Diversification Definition: What Is A Diversification Strategy?

A diversification strategy is a method of controlling one’s exposure to financial risk by allocating capital across a mix of asset classes, asset types, and sectors. 

There’s no one-size-fits-all approach to risk management. Every investor has a different level of risk they’re willing to accept in their portfolio. Therefore, diversification strategies for retirement investors should be dynamic; varying according to one’s individual tolerance for risk and specific time horizon.

For instance, younger investors have time on their side. When you’re in your 20s and 30s, you might have another thirty or forty years in the labor force ahead of you. This being the case, you won’t need your invested money any time soon and can therefore afford to experiment with higher-risk allocations if you so choose. If your portfolio is hit by a sudden downturn or recession, you have the time to simply wait it out until the next bull market.

If you’re in your 50s or 60s, then you’ve probably got to take a different approach. Since you’re likely thinking about your retirement at this age, it’s important you don’t expose yourself to too much risk. If your portfolio tanks overnight, it could significantly push back your retirement date or negatively impact your quality of life.

 

Diversification Strategies: Conservative vs. Growth Portfolio Examples

Riskier assets, such as U.S. and foreign equities, tend to offer higher potential rewards. Aggressive portfolios are those which are concentrated in high-volatility assets like equities and cryptocurrencies. Over time, these portfolios elicit much wider swings in value (i.e., -60.78% worst 12-month return) compared to bond-heavy, conservative ones (-17.67%).

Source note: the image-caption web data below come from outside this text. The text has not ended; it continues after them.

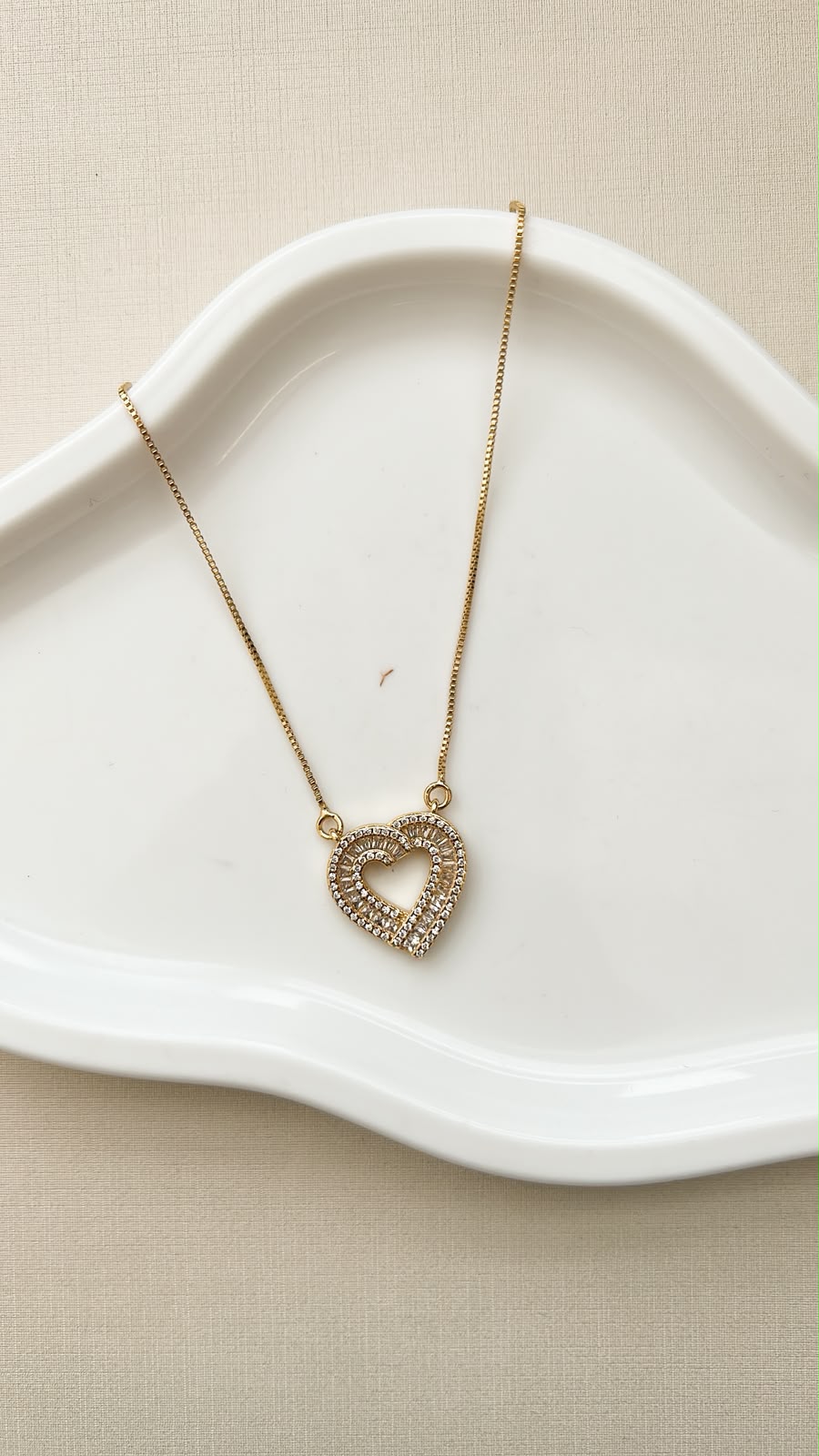 Colar Coração Vazado Baguete Ouro 18 k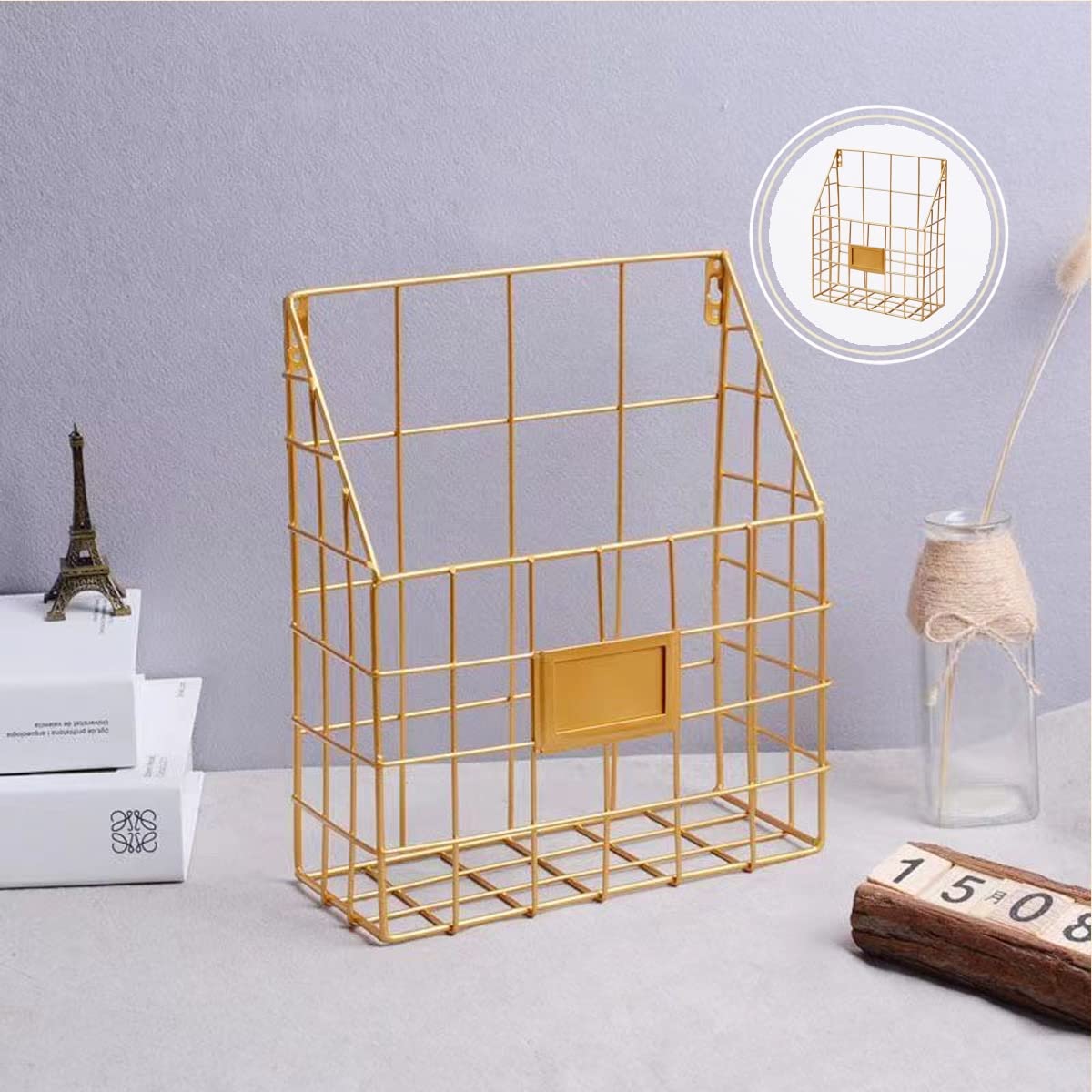 Hanging Wall File Rack 1Pack Pockets Organizer Office Hanging Magazine Rack Metal Mesh Folder Wall File Holder Wall Mount Magazine Folder Wall Mounted Organizer Holder for Office Home Work Organizing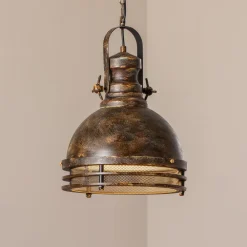 Opviq Hængelampe Saglam, 1 lyskilde, antik messing, Ø 30 cm, metal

The chart below describes the basic composition of four portfolio types ranging from the least to most risky (left to right).

Source: Fidelity Investments (1926-2019)

As an exercise, let’s assume we’ve hit a once-in-a-lifetime 12-month downturn in the market with $100,000 invested. Based on the data above, the Aggressive portfolio would lose $60,780 for an ending balance of $39,220 (-60.78% return). Now you would have to win back 155% of your portfolio value before rising back to your starting balance.

The Conservative portfolio, under the same conditions, would lose $17,670 for an ending balance of $82,330 (-17.67% return). You’d then have to gain 21.5% to get back to your starting point—an uphill battle, no doubt, but 7.2x less steep than it would be had you held an Aggressive portfolio.

 

Notes on Prudent Diversification 

As a general rule, conservative portfolios make a good fit for investors who are fewer than 10 years from retirement. These are the least volatile on average (4.47%) and are built to withstand market shocks better than conservative ones. When the market cycle reverses course, investors with conservative portfolios will need less time to regain their losses.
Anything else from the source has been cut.